Local Circuits in the Globus Pallidus Produce Irregular Firing
James A. Jones, Matthew H. Higgs, Erick Olivares, Jacob Peña, and Charles J. Wilson
(see pages 1281–1297)
The external globus pallidus (GPe), a part of the basal ganglia, plays a key role in the planning and execution of movement and has been indicated in the neuropathology of Huntington’s, Parkinson’s, and other movement-related diseases. This largely GABAergic region—and its local inhibitory circuits in particular—has proved especially difficult to study due to its complex connectivity and its neurons’ heterogenous firing rates and irregular firing patterns. Now Jones et al. use perforated patch-clamp recordings in combination with optogenetics, dynamic clamp, and phase model simulations to tease apart the outsized influence of GABAergic circuits contained within the GPe. About half of GPe neurons express parvalbumin (PV) and participate in the so-called indirect pathway, which includes a variety of basal ganglia regions. Another third of GPe neurons express Npas1 and project to either the striatum or to the cortex and thalamus. Most input to the GPe is striatal, but a small number of GPe neurons form basket-like connections on local cell bodies and dendrites, which the authors suspected might be the source driving the irregularity of GPe neurons’ firing. In coronal slices of GPe from mice, which left only local GABAergic circuitry intact, PV+ neurons were selectively engineered to express the light-sensitive ion pump archaerhodopsin (Arch), the activation of which results in neuronal inhibition. Using the perforated patch technique, the authors recorded from PV– neurons while silencing PV+ neurons, which led to a decrease in IPSPs in some of the PV– neurons, and individual neurons slightly increased their rate and regularity when PV+ neurons were silenced. Silencing Npas1+ neurons had no effect on the firing activity of Npas1– neurons. The GABAA receptor antagonist gabazine (but not a GABAB receptor antagonist) blocked IPSPs and increased the firing rate and regularity of GPe neurons. The inhibitory influence of PV+ neurons proved powerful; the spontaneous firing of a single PV+ neuron alone silenced an active Npas1+ neuron.
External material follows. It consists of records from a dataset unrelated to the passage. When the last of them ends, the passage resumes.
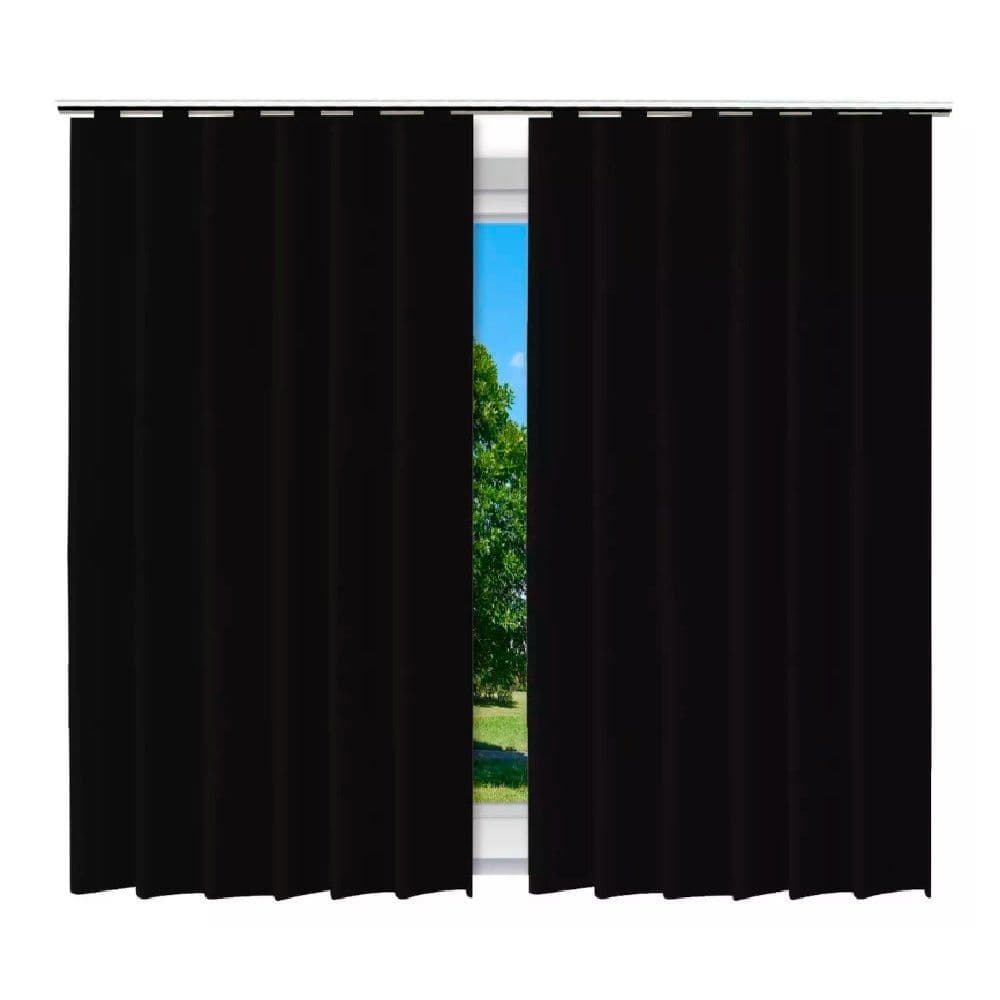 Cortina para Quarto, Cozinha, Sala Blackout Blecaute 2,80 x 2,80 PVC Corta Luz 100%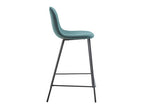 Taburete alto Zizur tapizado easy clean con patas negras
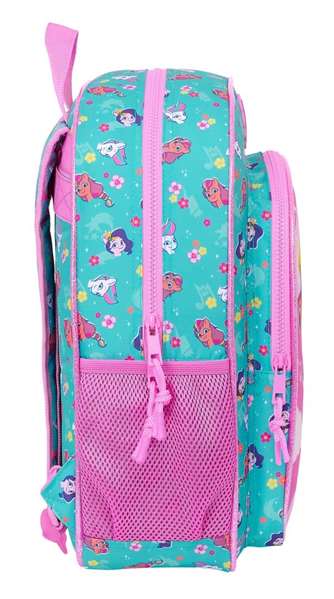 Mochila Escolar My Little Pony Magic Rosa Turquesa 32 x 38 x 12 cm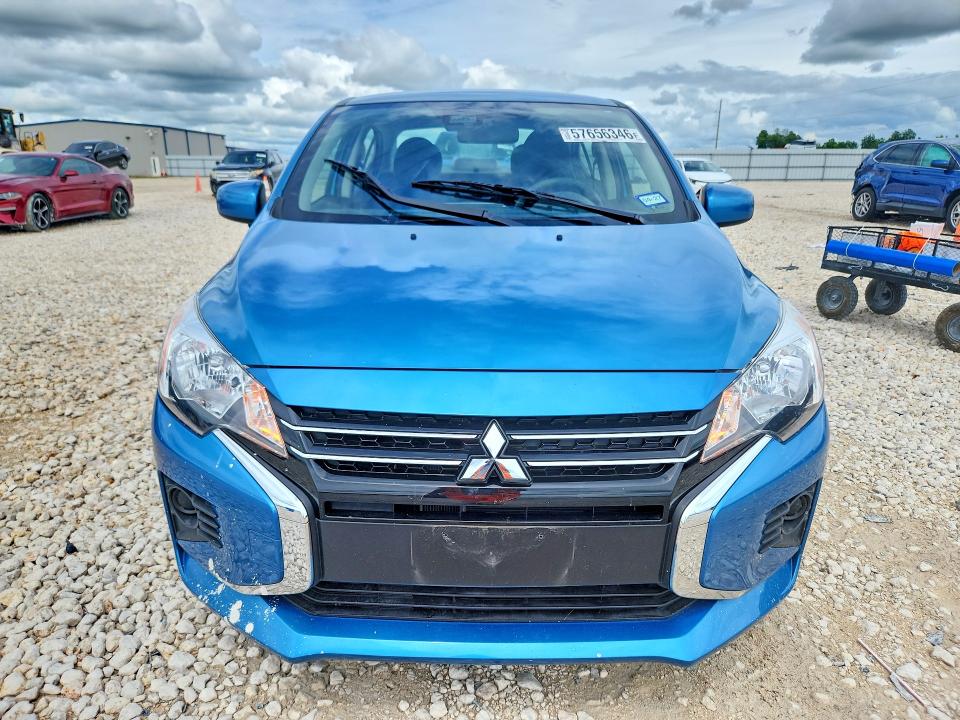 57656346 :رقم المزاد ، ML32FUFJ8RHF14147 vin ، 2024 Mitsubishi Mirage مزاد بيع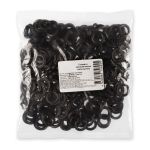 Люверсы металл ⌀_9.0 мм (внутр.), 1000±20 шт, чёрный, покрытие soft-touch, Gamma №24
Simulation of input from PV+ neurons elicited similar inhibition. The authors conclude that, in vivo, the PV+ network strongly deregularizes the firing of GPe neurons. Irregular firing has the potential to carry highly rich information, and this study identifying the origin of that irregularity as local PV+ inputs in the GPe will lend new clues to how this highly complex brain region operates.
A sagittal section of the GPe shows a PV+ Arch-expressing neuron labeled with GFP at 40×.
Autophagy Emerges as Key Process in Alzheimer’s Pathophysiology
Hua Zhang, Caitlynn Knight, S.R. Wayne Chen, and Ilya Bezprozvanny
(see pages 1441–1454)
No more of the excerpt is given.